**TASK TO COMPLETE**
Give back the lines below verbatim, omitting all pictures.

** Opening TASK MATERIAL block **

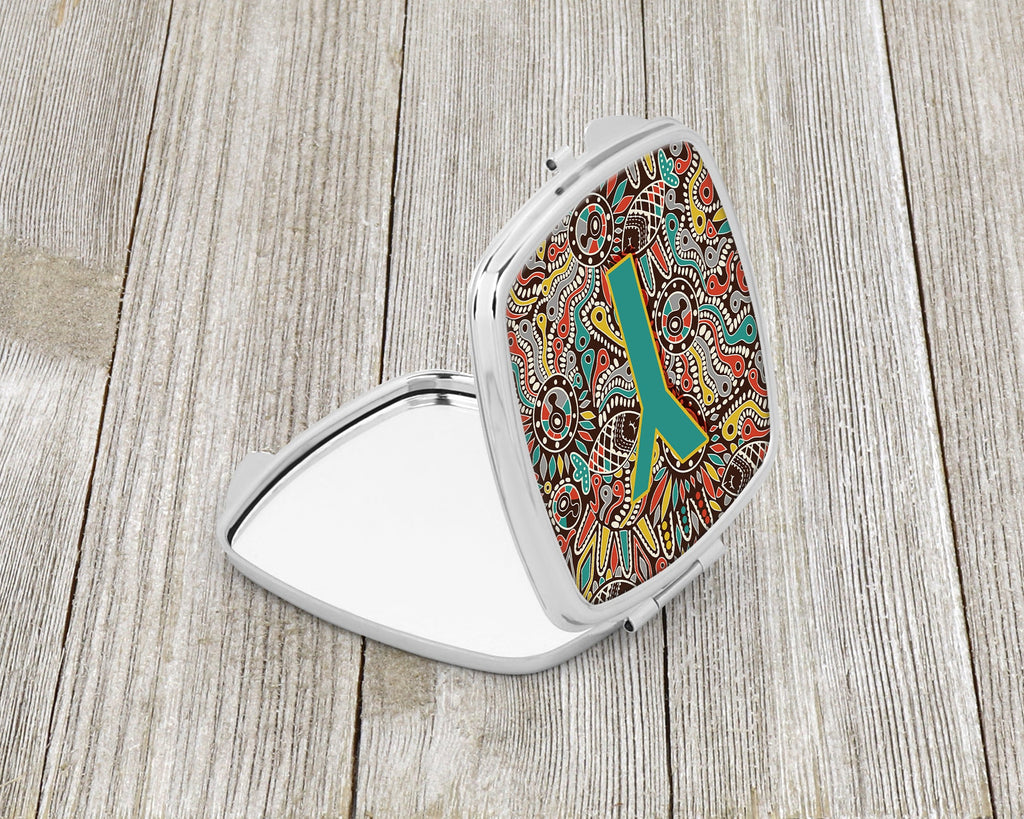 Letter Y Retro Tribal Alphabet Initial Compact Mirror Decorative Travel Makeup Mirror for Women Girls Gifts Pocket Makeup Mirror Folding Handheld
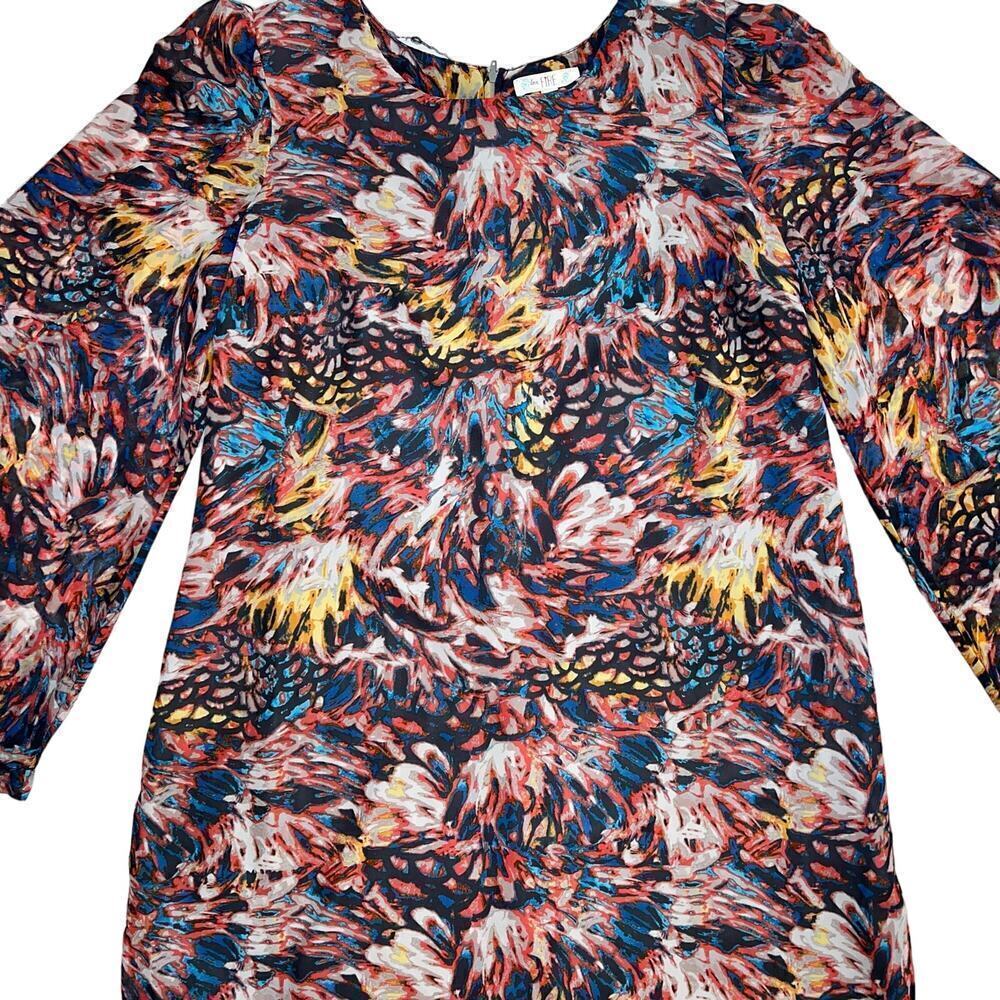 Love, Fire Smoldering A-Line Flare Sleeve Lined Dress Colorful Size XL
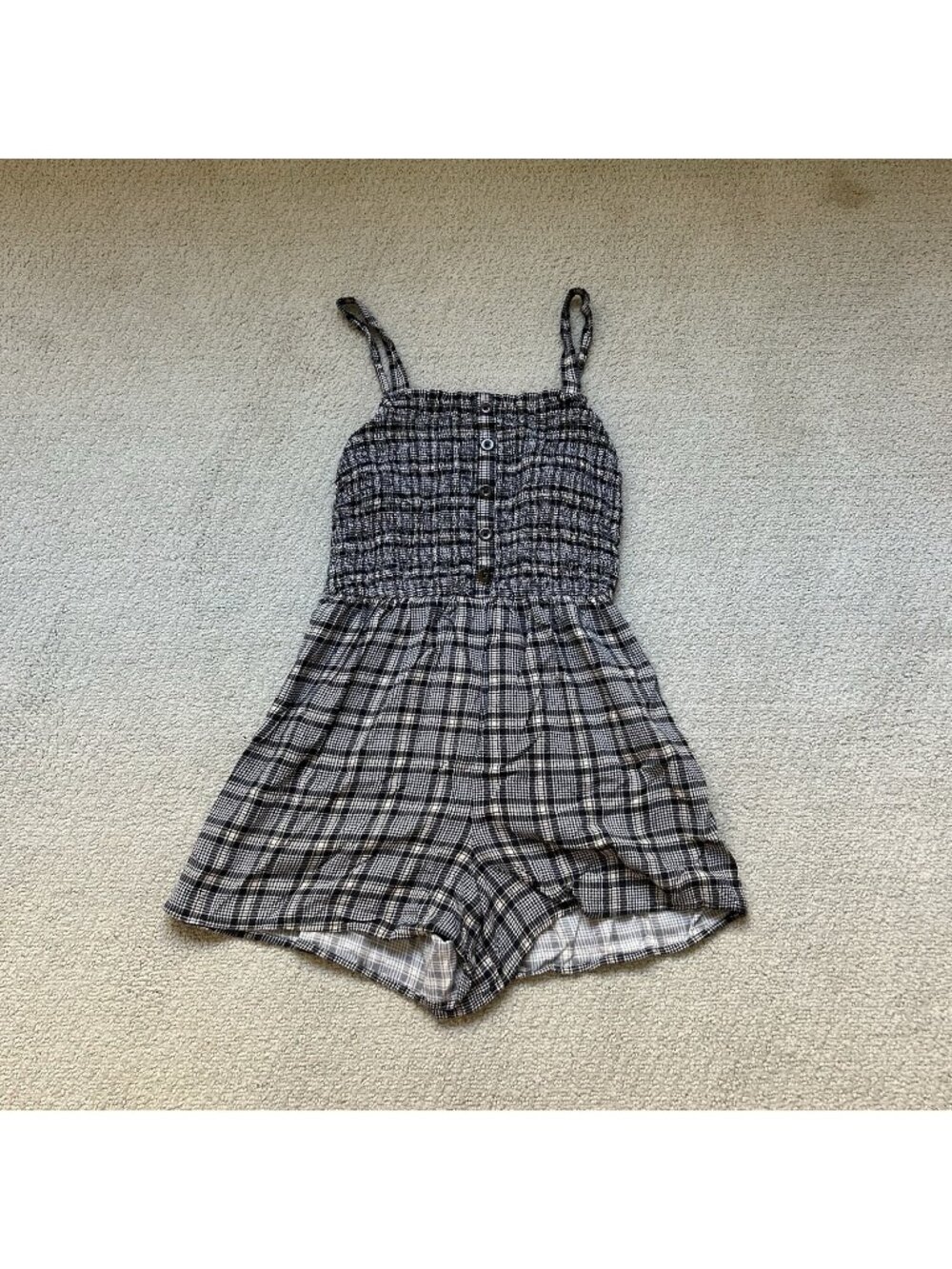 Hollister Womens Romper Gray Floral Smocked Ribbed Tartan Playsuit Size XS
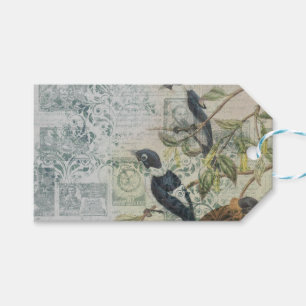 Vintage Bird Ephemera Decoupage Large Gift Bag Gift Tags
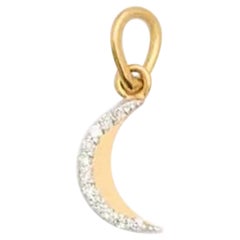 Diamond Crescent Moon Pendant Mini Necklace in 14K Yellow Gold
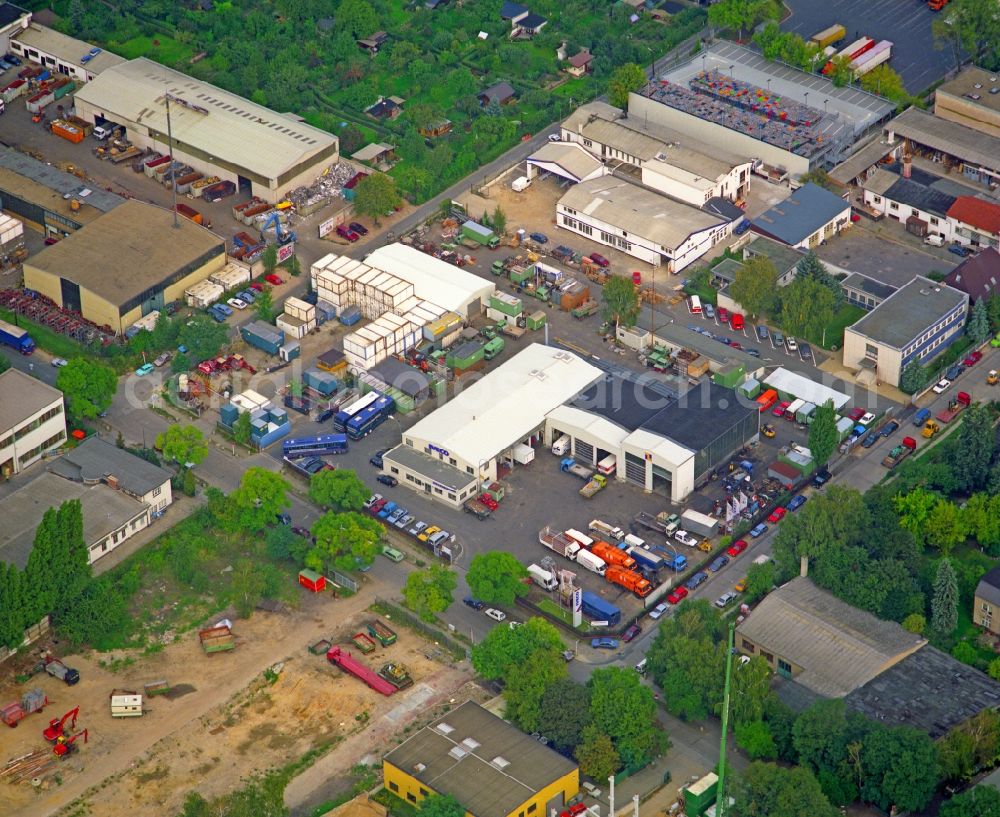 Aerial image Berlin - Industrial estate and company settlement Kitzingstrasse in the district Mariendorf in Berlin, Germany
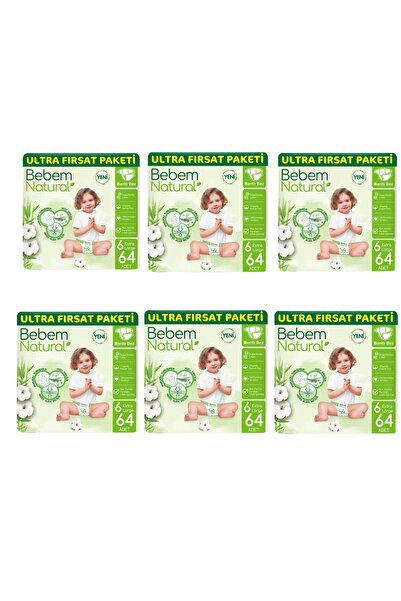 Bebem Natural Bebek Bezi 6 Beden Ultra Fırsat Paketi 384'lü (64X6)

** Closing TASK MATERIAL block **

**EXERCISE SOLUTION**
 Letter Y Retro Tribal Alphabet Initial Compact Mirror Decorative Travel Makeup Mirror for Women Girls Gifts Pocket Makeup Mirror Folding Handheld
 Love, Fire Smoldering A-Line Flare Sleeve Lined Dress Colorful Size XL
 Hollister Womens Romper Gray Floral Smocked Ribbed Tartan Playsuit Size XS
 Vintage Bird Ephemera Decoupage Large Gift Bag Gift Tags
 Diamond Crescent Moon Pendant Mini Necklace in 14K Yellow Gold
 Aerial image Berlin - Industrial estate and company settlement Kitzingstrasse in the district Mariendorf in Berlin, Germany
 Bebem Natural Bebek Bezi 6 Beden Ultra Fırsat Paketi 384'lü (64X6)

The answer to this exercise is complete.